%%

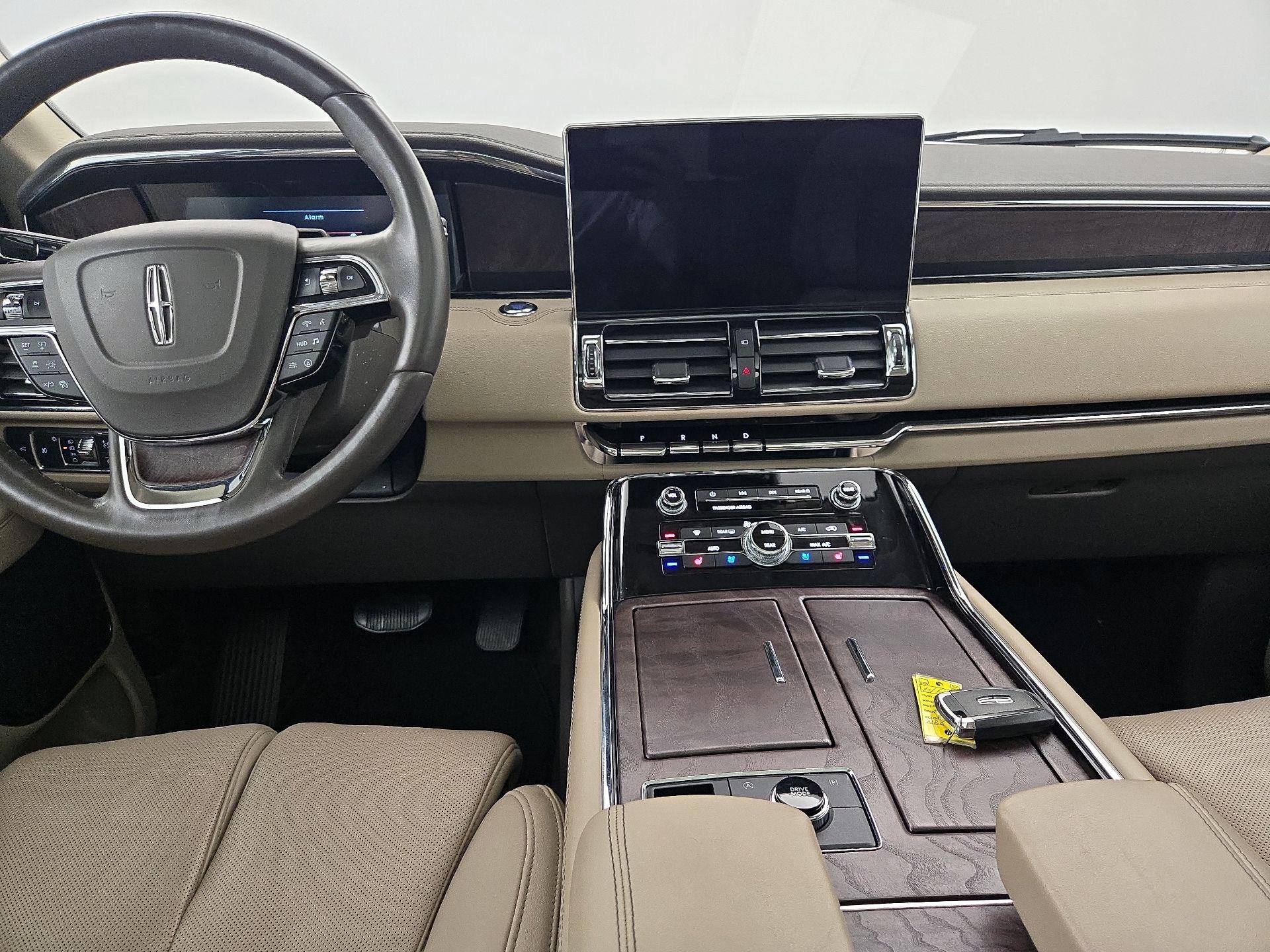 Thumbnail: 2022 Lincoln Navigator L - 9
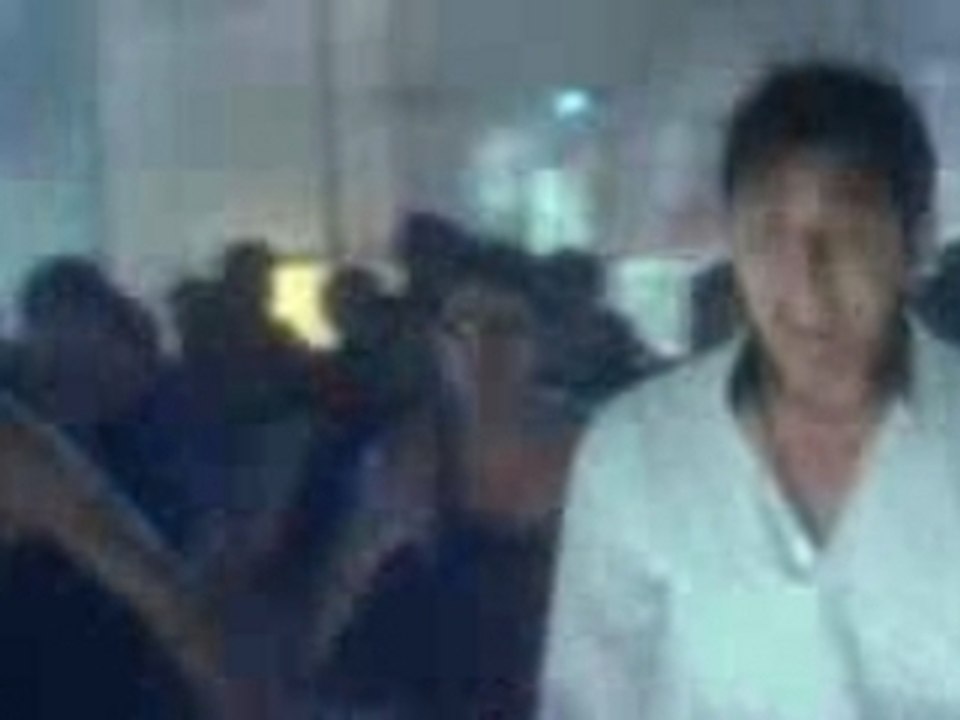 Ayutha_Ezhuthu_-_Yaakkai_Thiri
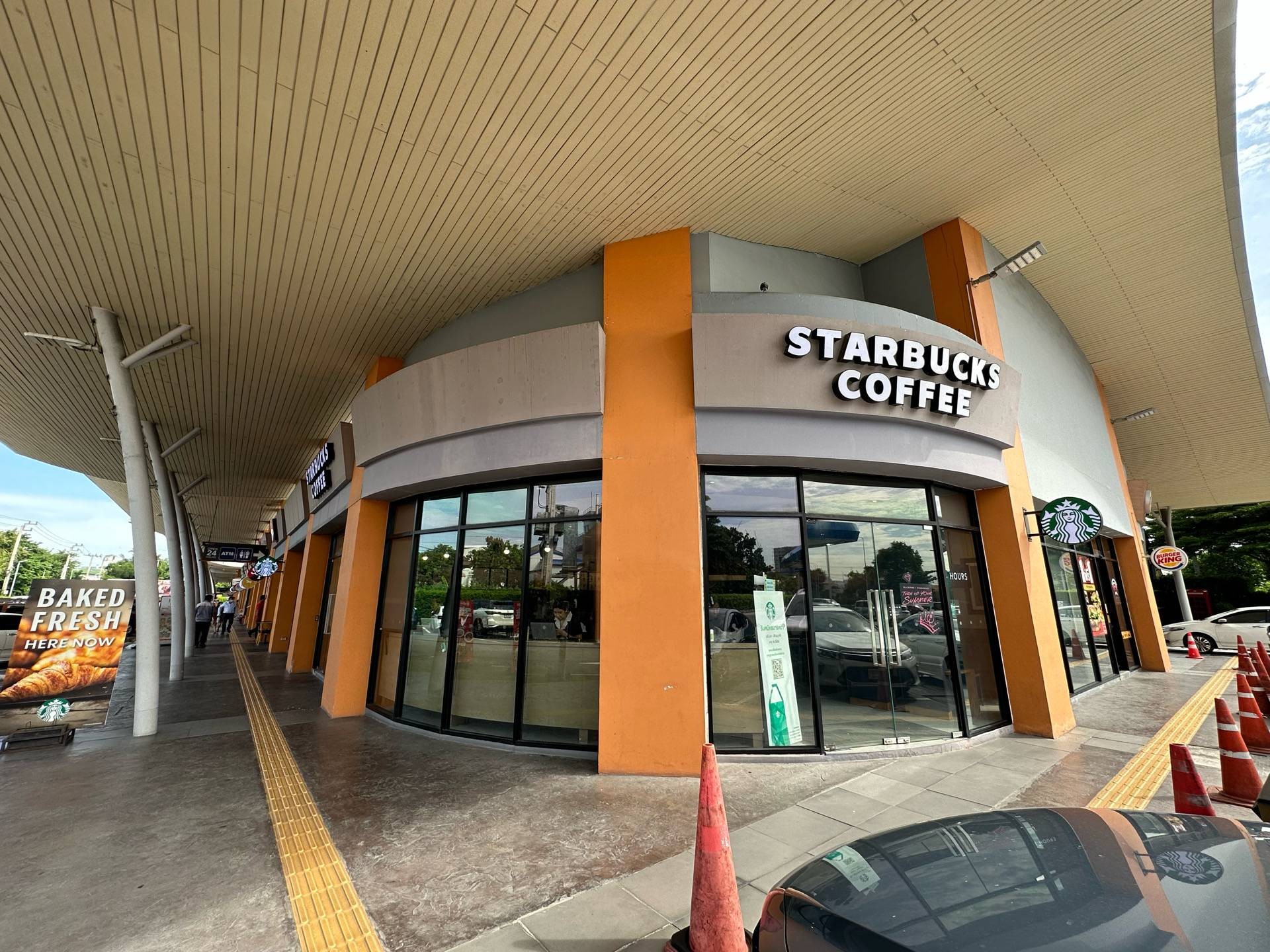 รีวิว Starbucks The Rest Area Prachachuen เป็นสาขาที่คนใช้บริการเยอะ รอนานเสียเวลาค่ะ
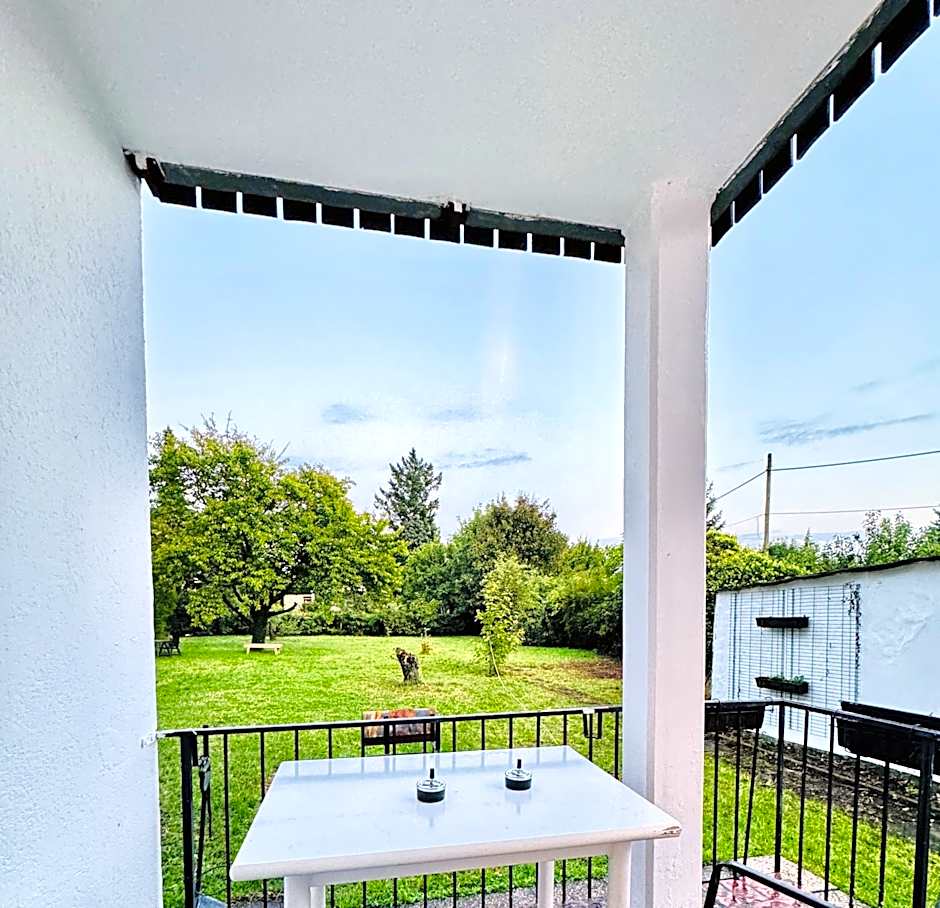 Budget Friendly Private Rooms with Garden
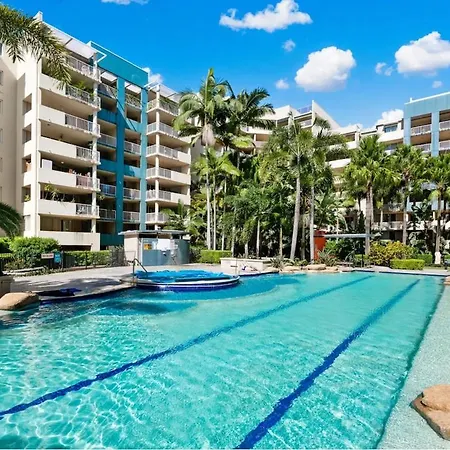 Apartment Oasis - Free Parking Gym Pool - Sleep 6 Brisbane
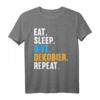 Eat Sleep Dive Dekobier Repeat Tauch T-Shirt für Taucher & Schnorchler – Perfektes Geschenk für Taucher, Apnoe & Gerätetauchen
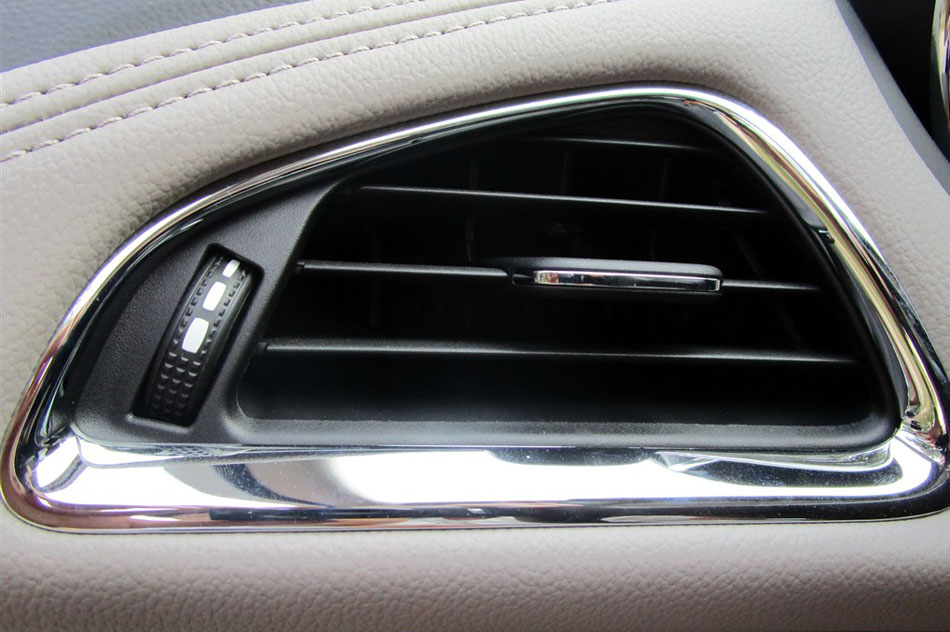 2015款 1.5L 自动精英版 内饰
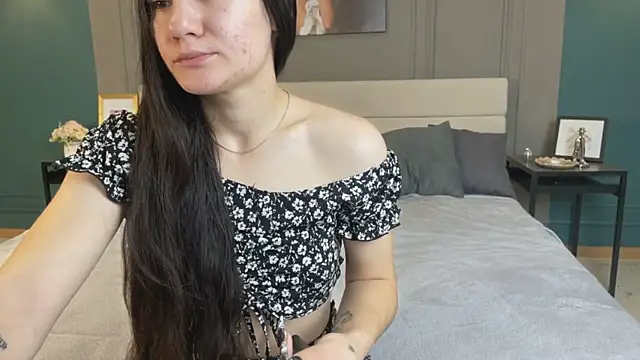 Snapshot of Adele_Shy chatting on 11.17.25 Adele Shy online show from 11.17.25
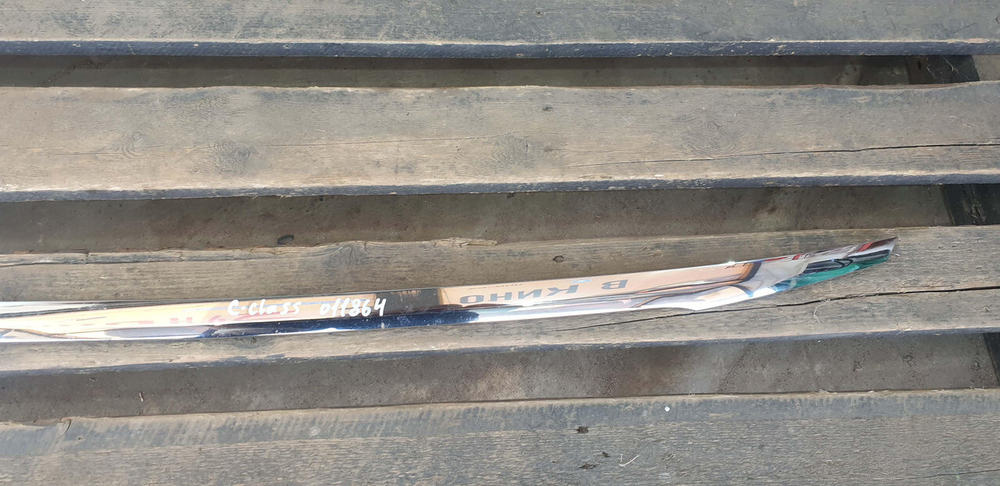 Молдинг крышки багажника Mercedes C (W205) 14-23 Б/У Оригинал A2057430082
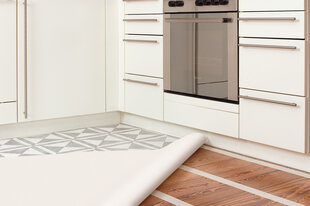 Kahepoolne teip põrandakatete kinnitamiseks tesa 10mx50mm hind ja info | Käsitööriistad | kaup24.ee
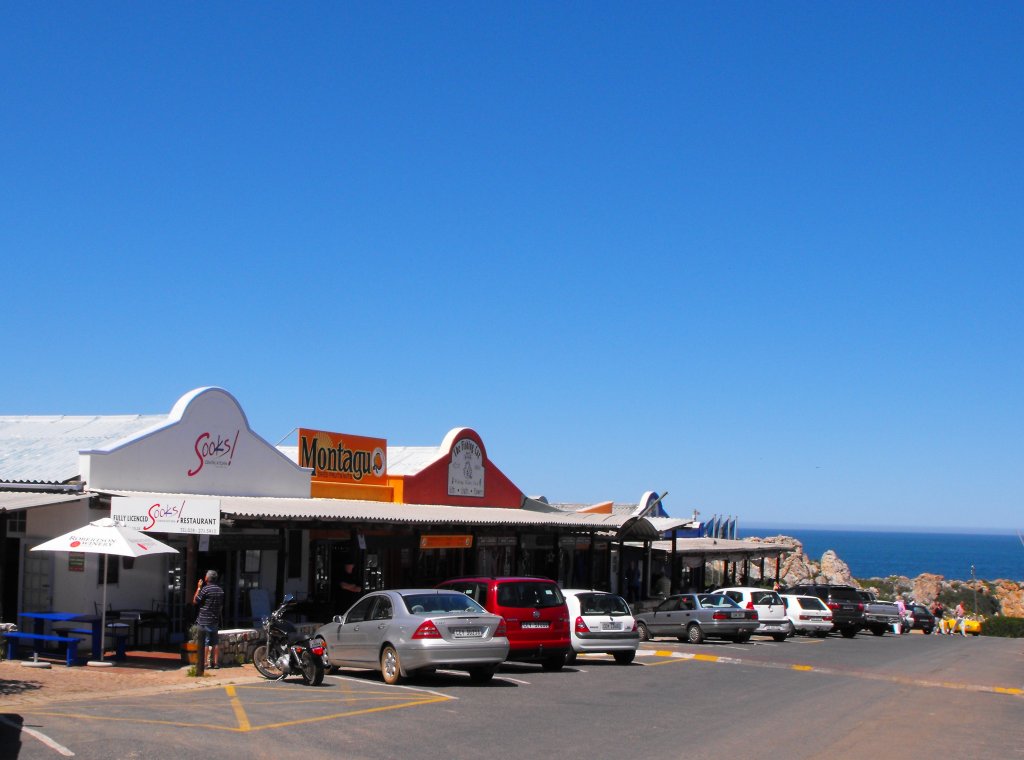 Die Haeuserzeile am unteren Ende der Harbour Road in Kleinmond, beherbergt Boutiquen und Restaurants. Kleinmond, 29.09.2010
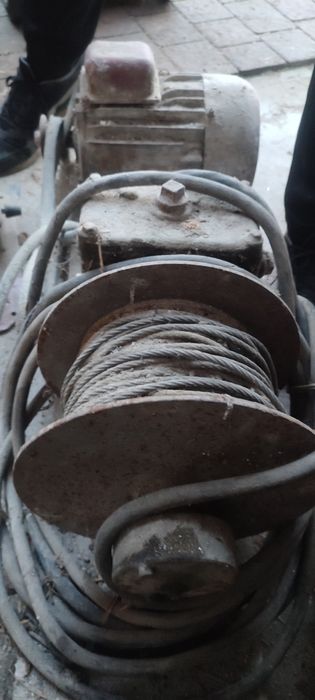 Wyciągarka linowa/urządzenie budowlane/ winda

%%

PROMPT: The answer must be an exact copy of the lines from the one containing "2015款 1.5L 自动精英版 内饰" through the last line of the records, with no pictures included.

WRITTEN RESPONSE:
 2015款 1.5L 自动精英版 内饰
 Snapshot of Adele_Shy chatting on 11.17.25 Adele Shy online show from 11.17.25
 Молдинг крышки багажника Mercedes C (W205) 14-23 Б/У Оригинал A2057430082
 Kahepoolne teip põrandakatete kinnitamiseks tesa 10mx50mm hind ja info | Käsitööriistad | kaup24.ee
 Die Haeuserzeile am unteren Ende der Harbour Road in Kleinmond, beherbergt Boutiquen und Restaurants. Kleinmond, 29.09.2010
 Wyciągarka linowa/urządzenie budowlane/ winda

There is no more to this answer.